# Banks - Mail



## viscusod (May 7, 2014)

EXPATS,

When I move there is there a way to get US Mail to Thailand or do I just need to change my address to a local one. Also, are there US Banks there. And biggest question, Can I make my girlfriend beneficiary of US funds if we are Married with Buddhist ceramony... There is so, so much to think about doing this move..


----------



## Asian Spirit (Mar 1, 2010)

viscusod said:


> EXPATS,
> 
> When I move there is there a way to get US Mail to Thailand or do I just need to change my address to a local one. Also, are there US Banks there. And biggest question, Can I make my girlfriend beneficiary of US funds if we are Married with Buddhist ceramony... There is so, so much to think about doing this move..


For mail service I would suggest you email the VFW post in Bangkok. If like the VFW Posts here in the Philippines, they will have a mail room service that would be much more secure than using the local service there.

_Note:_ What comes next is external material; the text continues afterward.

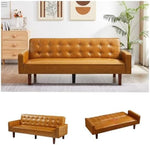 Brown PU Full Grain Leather SpaceSaving Three Seater Sofa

With your US funds if you are talking about Social Security, your GF or even if married can not have access to your US dollar (Social Security) account. The idea with this is that it is not *healthy* for us expats to be worth more dead than alive.

Other US funds and if in a "regular" bank account there in Thailand, I would *assume* a surviving spouse would have access to the funds.


----------